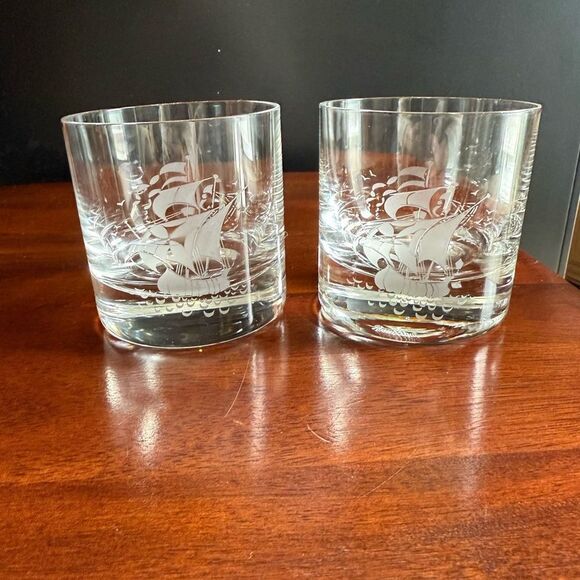 Rosenthal Etched Crystal Whiskey Glasses Set of Two - Picture 2 of 3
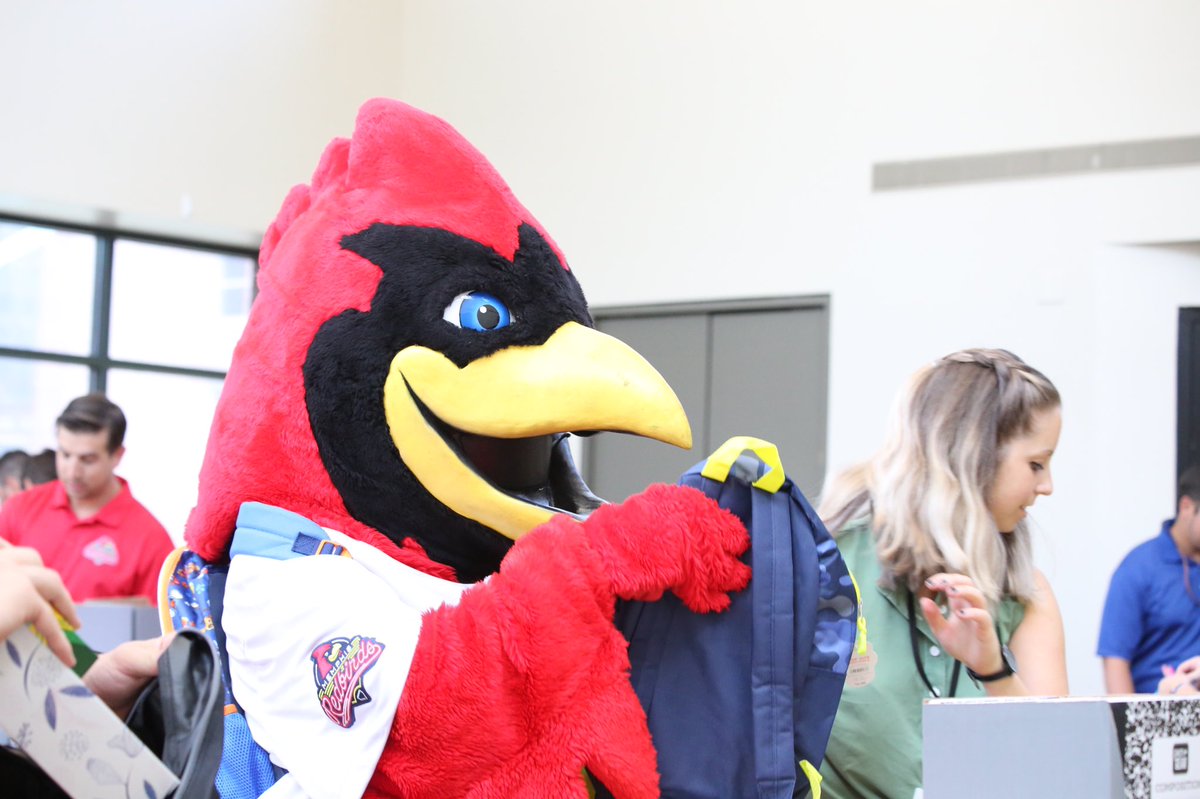 memphisredbirds's tweet photo. We have fully-loaded backpacks heading your way, @CityOfMemphis!
Saturday is #BackToSchoolNight with free backpacks for the first 1,500 kids!
Thanks to @Walmart associates, Redbirds and @Memphis901FC personnel, and @AutoZone_Park Front Office employees for helping stuff! https://t.co/9K76IIhxQu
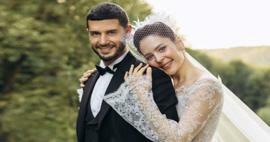 Romantiskt jubileumsinlägg från Berk Oktay till sin fru Yıldız Çağrı Atiksoy!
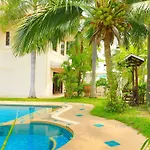 Sweet Villas Pattaya Villa *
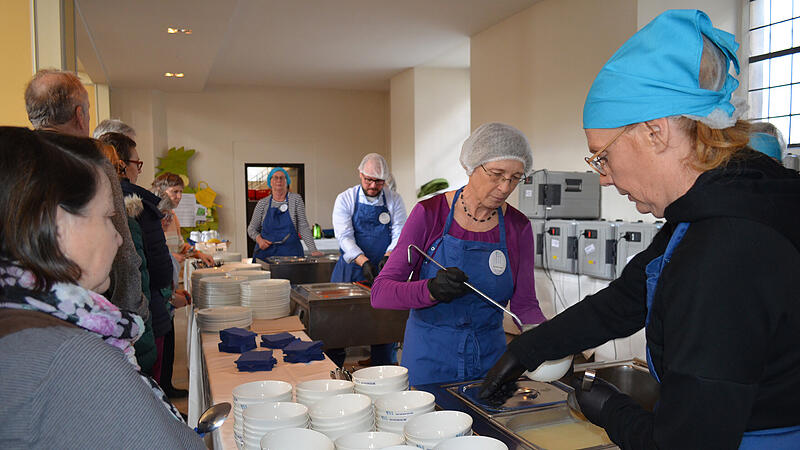 Bereits zum vierten Mal findet in St. Moriz die Coburger Vesperkirche statt. Zum Auftakt engagierte sich auch Regionalbisch&ouml;fin Berthild Sachs bei der Essensausgabe.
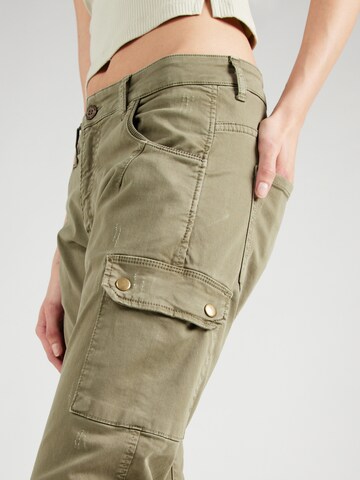 Le Temps Des Cerises Tapered Cargo trousers 'RIVERA' in Green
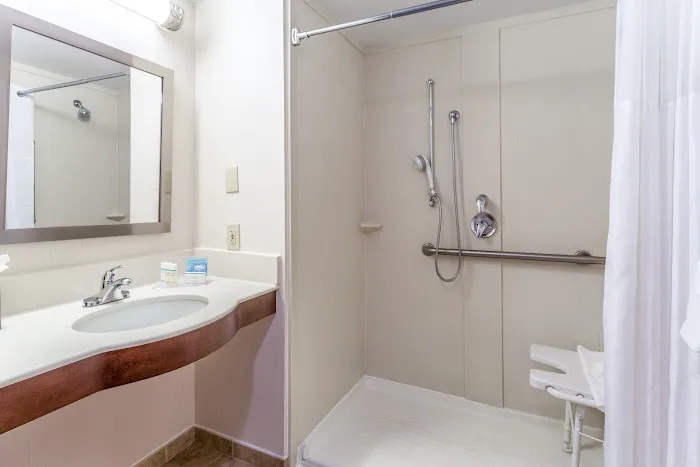 Hampton Inn Boston/Peabody 4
·····
• Task requirements:
Reproduce the material exactly; omit the pictures.

• Written response:
 Rosenthal Etched Crystal Whiskey Glasses Set of Two - Picture 2 of 3
 memphisredbirds's tweet photo. We have fully-loaded backpacks heading your way, @CityOfMemphis!
Saturday is #BackToSchoolNight with free backpacks for the first 1,500 kids!
Thanks to @Walmart associates, Redbirds and @Memphis901FC personnel, and @AutoZone_Park Front Office employees for helping stuff! https://t.co/9K76IIhxQu
 Romantiskt jubileumsinlägg från Berk Oktay till sin fru Yıldız Çağrı Atiksoy!
 Sweet Villas Pattaya Villa *
 Bereits zum vierten Mal findet in St. Moriz die Coburger Vesperkirche statt. Zum Auftakt engagierte sich auch Regionalbisch&ouml;fin Berthild Sachs bei der Essensausgabe.
 Le Temps Des Cerises Tapered Cargo trousers 'RIVERA' in Green
 Hampton Inn Boston/Peabody 4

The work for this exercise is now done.